*EXERCISE OBJECTIVE*
Word for word, transcribe the data below from the line with "P2新冠假病毒动物攻毒保护实验" to the line with "Bichon Frise and", keeping both of those lines.

*DATA UNDER STUDY*
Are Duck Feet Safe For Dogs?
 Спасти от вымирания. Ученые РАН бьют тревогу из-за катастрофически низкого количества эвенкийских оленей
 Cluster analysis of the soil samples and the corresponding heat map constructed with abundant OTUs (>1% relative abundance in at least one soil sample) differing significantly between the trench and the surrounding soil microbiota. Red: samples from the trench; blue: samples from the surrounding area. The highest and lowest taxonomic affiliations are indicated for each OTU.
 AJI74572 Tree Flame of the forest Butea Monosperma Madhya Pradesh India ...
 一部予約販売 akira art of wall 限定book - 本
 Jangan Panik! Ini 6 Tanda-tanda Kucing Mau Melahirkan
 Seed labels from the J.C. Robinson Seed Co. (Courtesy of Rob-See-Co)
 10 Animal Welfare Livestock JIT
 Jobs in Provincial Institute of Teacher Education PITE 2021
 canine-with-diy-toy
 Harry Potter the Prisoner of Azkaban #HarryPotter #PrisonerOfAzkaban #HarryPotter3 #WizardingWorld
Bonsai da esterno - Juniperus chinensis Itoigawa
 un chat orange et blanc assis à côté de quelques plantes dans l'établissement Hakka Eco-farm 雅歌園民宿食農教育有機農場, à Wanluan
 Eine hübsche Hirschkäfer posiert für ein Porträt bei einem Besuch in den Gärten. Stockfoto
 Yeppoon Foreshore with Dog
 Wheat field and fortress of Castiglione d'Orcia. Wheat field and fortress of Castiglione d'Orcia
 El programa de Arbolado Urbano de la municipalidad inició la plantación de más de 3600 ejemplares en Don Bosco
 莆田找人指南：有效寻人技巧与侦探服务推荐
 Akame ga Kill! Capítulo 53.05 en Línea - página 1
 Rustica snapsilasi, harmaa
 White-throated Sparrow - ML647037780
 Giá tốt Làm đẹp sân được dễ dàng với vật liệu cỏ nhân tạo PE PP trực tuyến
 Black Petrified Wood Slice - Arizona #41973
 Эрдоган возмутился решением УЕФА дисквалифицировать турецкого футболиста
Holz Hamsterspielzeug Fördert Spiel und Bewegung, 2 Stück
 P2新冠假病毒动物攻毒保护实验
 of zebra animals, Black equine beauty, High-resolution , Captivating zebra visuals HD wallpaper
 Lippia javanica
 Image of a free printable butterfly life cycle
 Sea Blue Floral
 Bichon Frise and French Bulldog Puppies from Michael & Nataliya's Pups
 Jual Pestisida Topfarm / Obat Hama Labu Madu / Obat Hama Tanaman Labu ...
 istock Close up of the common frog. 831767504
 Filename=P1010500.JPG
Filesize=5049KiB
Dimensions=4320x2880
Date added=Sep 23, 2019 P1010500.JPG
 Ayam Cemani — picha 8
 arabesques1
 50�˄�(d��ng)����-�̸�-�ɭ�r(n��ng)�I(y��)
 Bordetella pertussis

*COMPLETED EXERCISE*
 P2新冠假病毒动物攻毒保护实验
 of zebra animals, Black equine beauty, High-resolution , Captivating zebra visuals HD wallpaper
 Lippia javanica
 Image of a free printable butterfly life cycle
 Sea Blue Floral
 Bichon Frise and French Bulldog Puppies from Michael & Nataliya's Pups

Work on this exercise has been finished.